Nothing brings about a flood of emotions like our exes.

On a website and blog that focuses on workshops, research and evaluation, and program sustainability, why am I blogging about relationships?

Well, I promised myself I’d blog more about self care in 2019. More specifically, how we think about self care within the context of our relationships. This is something I want to explore, given that it’s something that we all face at some point in our lives.

I’m happy to say that the people I’ve had romantic relationships with are good people, and I’m at a place in my life now where I can identify the purpose each one had in my life and the life lessons I learned at those moments in time. I can think about the good times I’ve had with them and wish them all well. But are we friends to the point that I’d consider them part of my inner circle? Not really.

When identifying your “breathe” supports, one question to ask yourself is “Do you feel that the people you’ve chosen as your ‘breathe’ supports are sufficient or do you need to expand your circle of support?” For some, a former romantic partner might be part of that support system.

I never thought about being friends with an ex until I experienced my first heartache, about a year after graduating from college. He asked if we could remain friends, and I agreed. My rationale: I wanted to get him back and thought the best way to do it was to show him I could be a good friend.

I remember attending a party with him about a month after we broke up, and it was one of the most awkward experiences of my life. Not only did I feel uncomfortable, he and I barely spoke and when we did it felt forced. Plus, the people at the party were confused as to why we arrived at this party together in the first place. (It’s funny now, but at the time it wasn’t). Every communication I had with him was awkward and didn’t feel good. Even months and years later, most interactions with him felt forced and disingenuous. 

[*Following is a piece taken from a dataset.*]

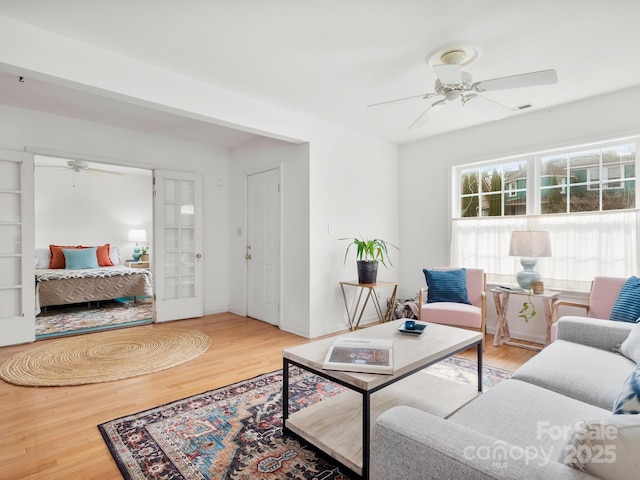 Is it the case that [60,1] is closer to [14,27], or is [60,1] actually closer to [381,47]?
[14,27]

I had to be honest about why I’d attempted something that in the end, didn’t make me feel good. First off, trying to get an ex back by being friends with them doesn’t work. I also thought about how I physically felt when interacting with my ex (shallow breathing, quickening heartbeat) and how I felt emotionally (defeated, and a loser).

So one day, I gave myself permission to stop trying to be friends with him because I needed to find some relief. This didn’t include an announcement that I would no longer be contacting him or blocking him from contacting me. I just slowly lessened communication with him. When I checked in with myself, I felt better physically, and not so much like a loser. But I had a nagging thought: He’s a good guy. We technically didn’t end on bad terms, so what gives?

If we’re honest with ourselves, not all romantic relationships are supposed to last, and not all relationships end on bad terms. But does this mean we have to remain friends with our exes?

I realized that I shouldn’t force myself to continue doing something I didn’t want to do, even if my intentions for wanting to remain friends weren’t exactly pure in the beginning. Plus, it was preventing me from moving on with my life. 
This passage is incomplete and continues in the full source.